§ **Work instructions**:
Give every line of the listing back, exactly as written.

§ **Supplied information**:
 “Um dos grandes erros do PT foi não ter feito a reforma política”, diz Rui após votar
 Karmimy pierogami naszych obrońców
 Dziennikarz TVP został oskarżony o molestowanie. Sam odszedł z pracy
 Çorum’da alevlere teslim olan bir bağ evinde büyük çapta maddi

§ **Response box**:
 “Um dos grandes erros do PT foi não ter feito a reforma política”, diz Rui após votar
 Karmimy pierogami naszych obrońców
 Dziennikarz TVP został oskarżony o molestowanie. Sam odszedł z pracy
 Çorum’da alevlere teslim olan bir bağ evinde büyük çapta maddi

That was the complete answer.